CPU Metrics – Topdown

Retiring: Ratio of instructions successfully executed and committed to the total number of instructions, reflecting the CPU's effective execution efficiency.
Frontend Bound: Performance bottleneck rate caused when the CPU front end (instruction fetch and decode) cannot supply instructions to the back end in a timely manner.
- Fetch Latency Bound: Percentage of time the front end stalls during instruction fetch due to instruction cache misses, ITLB misses, or branch target delays.
- Fetch Bandwidth Bound: Percentage of time the CPU front end is stalled because instruction fetch or decode bandwidth is insufficient to keep up with back-end demand.
Bad Speculation: Percentage of cycles lost due to pipeline flushes caused by branch mispredictions, incorrect path fetching, or speculative execution failures.
- Branch Mispredicts: Percentage of cycles lost due to pipeline flushes and re-execution caused by branch prediction errors.
- Machine Clears: Percentage of performance loss caused by pipeline clearing triggered by non-branch reasons such as exceptions, memory sequence conflicts, and resource conflicts.
Backend Bound: Percentage of performance loss caused by instructions that have been successfully sent to the backend but cannot be executed in a timely manner due to limited execution resources or data access.
Core Bound: Percentage of performance loss caused by instructions in the computation phase due to insufficient execution resources, such as ALUs, FPUs, vector units, and port conflicts.
Memory Bound: Percentage of performance loss due to data cache (L1/L2/L3) misses, TLB misses, or main memory access latency.
CPU-NUM: Number of CPU cores included in the statistics, reflecting the scope and parallelism of the performance data.

CPU Metrics – OS Metrics

Context Switches: Number of times the CPU switches between processes or threads, reflecting the system's scheduling activity.
Migrations: Number of times a process is migrated between CPU cores or NUMA nodes, reflecting the system's load balancing behavior.
page-faults: Number of events that occur when a CPU accesses a memory page that is not currently mapped to physical memory.

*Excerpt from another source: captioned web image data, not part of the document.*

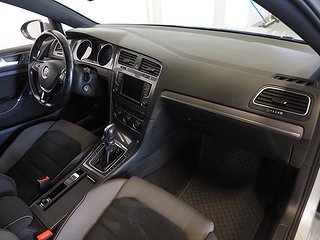 Kombi Volkswagen Golf 12 av 21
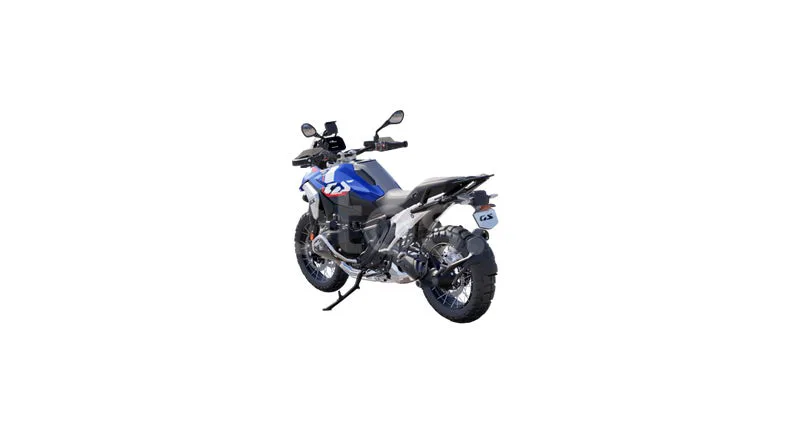 BMW R 1300 GS - Vista 8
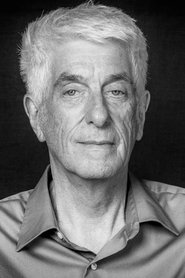 Jacques Vallée portrait
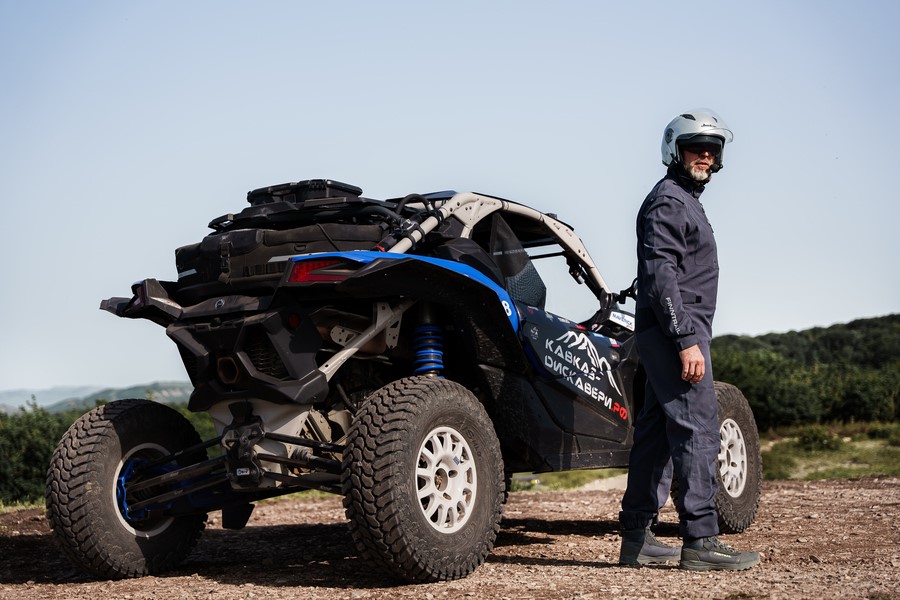 How to Choose the Right Off-Road Suit: 6 Things That Matter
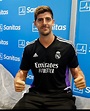 Back to the training Real Madrid, Thibaut Courtois, Medical, Old Money ...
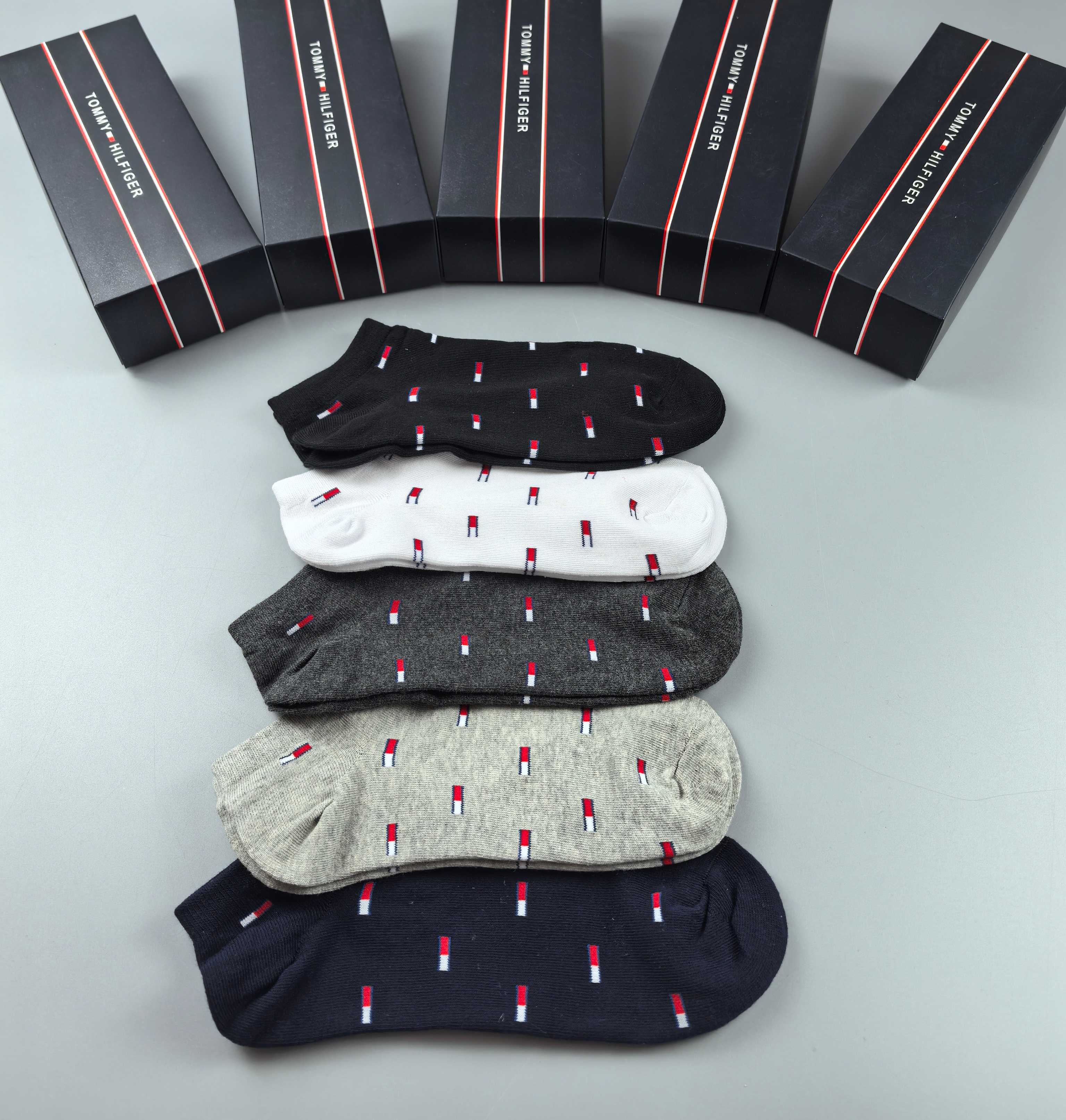 🔥🔥🔥出新拉 TOMMY HILFIGER（汤米）专柜同步新款[强]官网在售款😝😝纯棉质量[强]穿着舒适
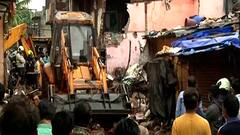 Malad : धोकादायक इमारत कोसळणं ही मानवचूक, मालाड इमारत दुर्घटनेप्रकरणी मुंबई हायकोर्टाचे ताशेरे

Page faults are classified into soft page faults, where the page is already in memory, and hard page faults, where the page must be loaded from a drive.
CPU-NUM: Number of CPU cores included in the statistics, reflecting the scope and parallelism of the performance data.

CPU Metrics – INSTRUCTION

Memory(%): Percentage of memory addressing and data access instructions relative to total instructions, reflecting the data access density of the workload.
- Load(%): Utilization of CPU or storage-controller read requests, reflecting resource consumption by read operations.
- Store(%): Utilization of CPU or storage-controller write requests, reflecting resource consumption by write operations.
Scalar(%): Percentage of scalar instructions relative to the total instructions executed by the processor. A scalar instruction operates on a single data element at a time, in contrast to a vector instruction.
- Integer(%): Percentage of integer instructions relative to the total instructions executed by the processor. This type of instruction performs integer (fixed-point) operations, such as addition, subtraction, and bitwise operations, reflecting the integer computing intensity of the workload.
- Floating Point(%): Percentage of floating point instructions relative to the total instructions executed by the processor. These instructions perform floating point (decimal) operations and reflect the floating point computation intensity of the workload.
Vector(%): Percentage of vector instructions relative to total instructions. A vector instruction performs the same operation on multiple data elements simultaneously, enabling data-level parallelism.
- Advanced SIMD(%): Percentage of vector instructions that use Arm Neon (advanced SIMD) relative to total instructions.
- SVE(+loads/stores)(%): Percentage of vector instructions that use Arm Scalable Vector Extension (SVE) relative to total instructions.
- SME(retired)(%): Percentage of instructions that have been successfully completed (retired) by the processor and use Arm Scalable Matrix Extension (SME), relative to total instructions.
  - Integer(%): Percentage of SME instructions performing integer matrix operations (such as integer multiplication and addition) relative to the total number of SME instructions.
  - Floating Point(%): Percentage of SME instructions performing floating-point matrix operations (such as floating-point multiplication and addition) relative to the total number of SME instructions.
Crypto(%): Percentage of CPU hardware encryption instructions (such as AES, SHA, and RSA) to total instructions, reflecting the encryption and decryption intensity of the workload.
Branches(%): Percentage of branch instructions, such as conditional branches, unconditional branches, and function calls, to the total instructions, reflecting the instruction flow complexity of the workload.
- Immediate(%): Percentage of instructions that use immediate operands relative to total instructions executed by the processor. Immediates are constant values encoded directly in instructions (rather than read from registers or memory), for example, a load-immediate instruction that loads 5 into a register, reducing memory access and improving execution efficiency.
- Return(%): Percentage of executed instructions that are function return instructions. This type of instruction returns from a function call and restores the program execution context (for example, restoring the stack pointer and returning to the call site). It is a core instruction in the function call mechanism.
- Indirect(%): Percentage of executed instructions that are indirect instructions. An indirect instruction is one whose target address is not encoded directly in the instruction but is obtained indirectly through a register or memory (for example, indirect jumps and indirect calls). Indirect instructions are commonly used in scenarios such as function pointers and virtual function calls.
Barriers(%): Percentage of executed instructions that are memory barrier instructions, enforcing memory ordering and reflecting the synchronization requirements of multi-threaded/multi-core workloads.
- Instruction Synchronization(%): Percentage of instruction synchronization instructions relative to total instructions. This type of instruction ensures proper ordering of instruction execution, for example, flushing the instruction pipeline and synchronizing execution across cores, to prevent errors caused by out-of-order execution.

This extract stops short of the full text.